■ Exercise goal
Search the records for the string "sale", and show each line where it appears.

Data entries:

*** Begin section ***

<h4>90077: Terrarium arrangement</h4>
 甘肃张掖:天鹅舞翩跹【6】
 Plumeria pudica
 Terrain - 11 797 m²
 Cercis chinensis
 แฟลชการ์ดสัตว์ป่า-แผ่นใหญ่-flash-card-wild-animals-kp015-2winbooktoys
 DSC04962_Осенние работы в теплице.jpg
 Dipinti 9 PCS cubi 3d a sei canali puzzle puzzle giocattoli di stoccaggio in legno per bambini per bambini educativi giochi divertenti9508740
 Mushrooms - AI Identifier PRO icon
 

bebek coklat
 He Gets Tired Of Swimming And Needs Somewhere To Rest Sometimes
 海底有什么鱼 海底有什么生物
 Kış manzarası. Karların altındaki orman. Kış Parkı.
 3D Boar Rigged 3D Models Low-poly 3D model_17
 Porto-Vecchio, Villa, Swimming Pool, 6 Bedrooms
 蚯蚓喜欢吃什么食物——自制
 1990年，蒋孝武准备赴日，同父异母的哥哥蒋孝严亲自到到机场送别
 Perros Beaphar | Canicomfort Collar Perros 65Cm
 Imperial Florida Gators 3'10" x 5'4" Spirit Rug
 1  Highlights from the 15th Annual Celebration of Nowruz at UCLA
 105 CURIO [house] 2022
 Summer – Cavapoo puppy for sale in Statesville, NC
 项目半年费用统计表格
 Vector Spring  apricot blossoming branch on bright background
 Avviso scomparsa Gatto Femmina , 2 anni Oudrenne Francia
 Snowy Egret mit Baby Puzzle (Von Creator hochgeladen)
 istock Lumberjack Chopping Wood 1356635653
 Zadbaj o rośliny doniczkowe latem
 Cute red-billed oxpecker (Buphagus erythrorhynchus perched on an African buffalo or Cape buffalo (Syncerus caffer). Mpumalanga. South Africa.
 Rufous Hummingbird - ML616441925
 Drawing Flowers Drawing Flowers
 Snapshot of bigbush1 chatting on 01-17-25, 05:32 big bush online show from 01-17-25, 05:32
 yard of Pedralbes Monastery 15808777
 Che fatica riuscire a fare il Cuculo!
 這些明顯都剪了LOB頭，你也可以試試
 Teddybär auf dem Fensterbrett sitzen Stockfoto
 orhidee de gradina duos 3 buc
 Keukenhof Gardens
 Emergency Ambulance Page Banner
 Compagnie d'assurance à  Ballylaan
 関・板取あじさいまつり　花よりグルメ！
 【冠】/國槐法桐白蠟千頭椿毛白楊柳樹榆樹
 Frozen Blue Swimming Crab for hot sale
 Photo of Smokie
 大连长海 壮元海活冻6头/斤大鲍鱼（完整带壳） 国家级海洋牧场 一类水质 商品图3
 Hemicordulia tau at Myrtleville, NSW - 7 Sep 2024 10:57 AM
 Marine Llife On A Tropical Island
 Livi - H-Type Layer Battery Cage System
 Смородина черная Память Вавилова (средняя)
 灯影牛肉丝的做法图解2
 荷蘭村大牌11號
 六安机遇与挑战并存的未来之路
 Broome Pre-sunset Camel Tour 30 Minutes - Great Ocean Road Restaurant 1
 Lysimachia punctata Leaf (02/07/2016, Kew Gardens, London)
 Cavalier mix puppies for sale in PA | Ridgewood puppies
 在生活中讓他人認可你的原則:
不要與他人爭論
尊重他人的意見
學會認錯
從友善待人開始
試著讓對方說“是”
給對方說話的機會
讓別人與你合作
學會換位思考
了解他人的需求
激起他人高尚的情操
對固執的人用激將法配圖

*** End section ***

■ Answer
 Summer – Cavapoo puppy for sale in Statesville, NC
 Frozen Blue Swimming Crab for hot sale
 Cavalier mix puppies for sale in PA | Ridgewood puppies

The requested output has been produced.